Use the Encoder and Decoder classes for pairs of reversible text processors.

Titles and localization

Do you know what we forgot to do? Titles for our processors, that will be used by the localization system! Let's fix it. Go to the localizations.ini file and add the following lines:

# Under [DEFAULT] section
hint_baka_detector = Baka?
hint_char_encoder = Char codes
hint_char_decoder = Get the string back

...

# Under [ru] section
hint_baka_detector = Бака?
hint_char_encoder = Коды символов
hint_char_decoder = Вернуть строку обратно

If you want your processors to be described in the help, don't forget to add the following lines:

# Under [DEFAULT] section
help_baka_detector = You're a baka if you watch anime!
help_char_encoder = Converts strings to sequences of their numerical codes.

...

# Under [ru] section
help_baka_detector = Если ты смотришь аниме, то ты бака!
help_char_encoder = Превращает строки в последовательности их числовых кодов.

Much better! Actually, there is one more thing we need to do. Write tests for our code!

Testing

Code without tests is buggy and bad code.
Mattias Petter Johansson

Let's create files test_baka.py and test_char2code.py files inside the tests/test_strconv/ directory.

# tests/test_strconv/test_baka.py

import pytest
from strconv.baka import BakaDetector


@pytest.fixture
def processor() -> BakaDetector:
    return BakaDetector()


def test_matcher(processor):
    assert not processor.can_process("hello world")
    assert processor.can_process("hello anime")
    assert processor.can_process("Hello Anime!")
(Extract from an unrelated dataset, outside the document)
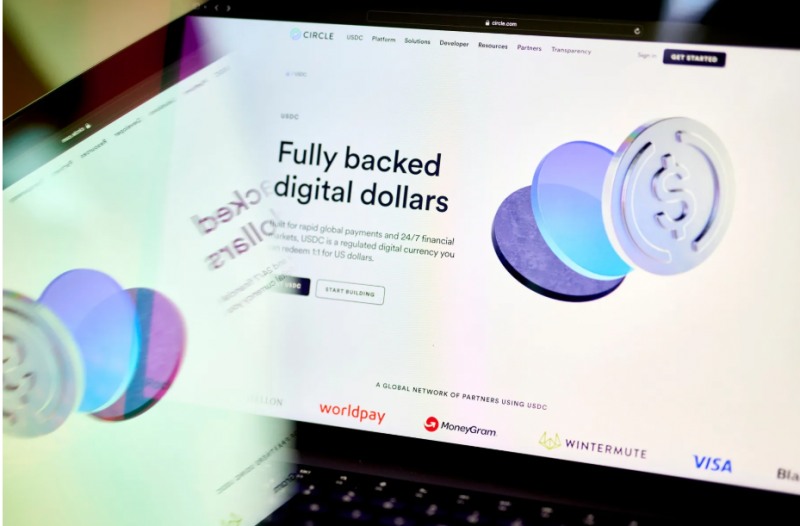 스테이블코인 발행사 서클의 웹사이트. 사진=블룸버그통신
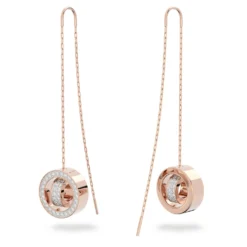 Swarovski Hollow Drop Earrings Long, White, Rose Gold-tone Plated -Fashion Accessories Store hollow drop earrings long white rose gold tone plated swarovski 5636504 2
def test_processor(processor):
    assert processor.process("hello anime") == "<b>Baka-chan!</b>"
    assert processor.get_description("hello anime") == "Baka-chan!"
    
    assert processor.process("Hello Anime!") == "<b>Baka-chan!</b>"
    assert processor.get_description("Hello Anime!") == "Baka-chan!"
# tests/test_strconv/test_baka.py

from strconv.char2code import CharEncoder, CharDecoder


def test_encoder():
    assert CharEncoder().process("hello world") == "104 101 108 108 111 32 119 111 114 108 100"


def test_decoder():
    decoder = CharDecoder()
    assert not decoder.can_process("hello world")
    assert decoder.can_process("104 101 108 108 111 32 119 111 114 108 100")
    assert decoder.process("104 101 108 108 111 32 119 111 114 108 100") == "hello world"
Run tests on Linux
PYTHONPATH=app pytest
Run tests on Windows

Command Prompt:

set PYTHONPATH=app && pytest

PowerShell:

$env:PYTHONPATH='app'; pytest

All tests must finish successfully.

What's next?

At this point, our work is done, and we're ready to commit these two features and make a pull request! Surely, we won't do it now, but if you develop a new awesome feature, feel free to send it to the upstream! All text processors have a chance to be included in the official hosted version of the bot. Especially if they're not universal and intended for some special cases.